それに先だって2月20日に墓地の調査をする。参加者は喜恵14世坊守、川越勉・河野善市・松本久一総代、川端末義寺務係、金谷正春書記会計の6名であった。
その際、新たに休心外2基の墓石を発見して合計19基の墓を改葬することに決定。昭和47年2月29日に正手と中野に班を分けて作業した。中野墓地では喜恵坊守の読経で改葬作業に着手。午後2時に松尾寺の墓地(現在の納骨堂の場所)に移転、宗久寺の黒木誠師導師によって、奉仕門徒一同参列の上で、法要を勤めた。

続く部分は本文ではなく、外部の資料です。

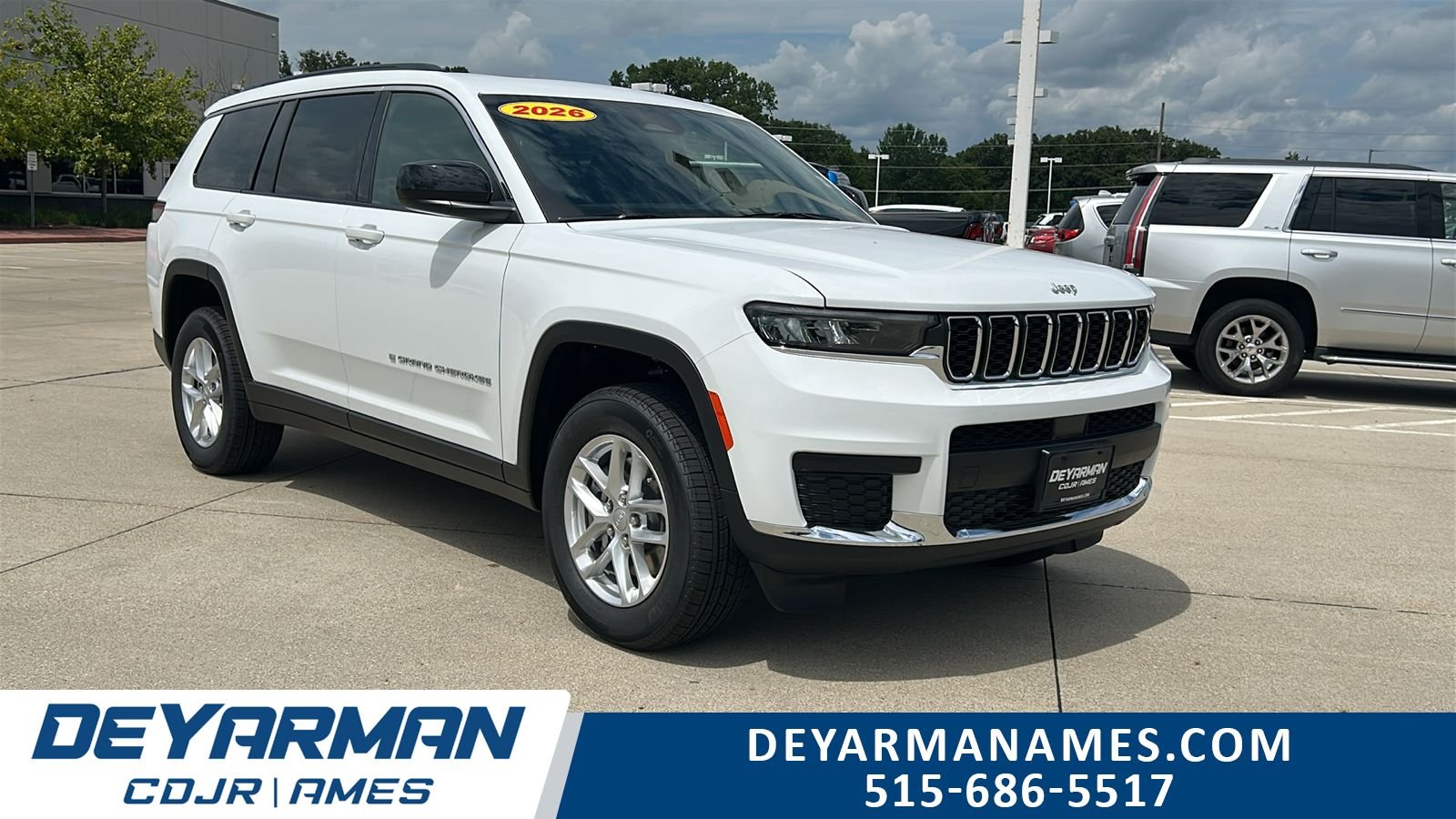 2026 Jeep Grand Cherokee L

当日の奉仕者は以下の通り。川越勉、渡邊兼義、松本久一(以上総代)、黒木誠宗久寺住職、登尾喜恵松尾寺坊守、崎田篤(親戚代表)、川端末義寺務係、平原武男・金谷正春(会計)、鍋倉政市、佐野正男、櫛間四男、平原義教、前田重利、加藤勝、松本富美子、渡邊キミヲ、河野イトエの皆様であった。
【旧松尾寺墓地】
旧墓地にあったブロック塀の記述「寄進 昭和三年十月建 清武村 横山みき」、「寄進 昭和三年十月建 清武町新町 黒木卯三郎 平原長作」から、旧墓地は昭和3年(1928年)、つまり新町から移転してきて(大正12年、1923年)、5年後に塀が建てられていることになる。新町の墓からの移転はそれ以前である。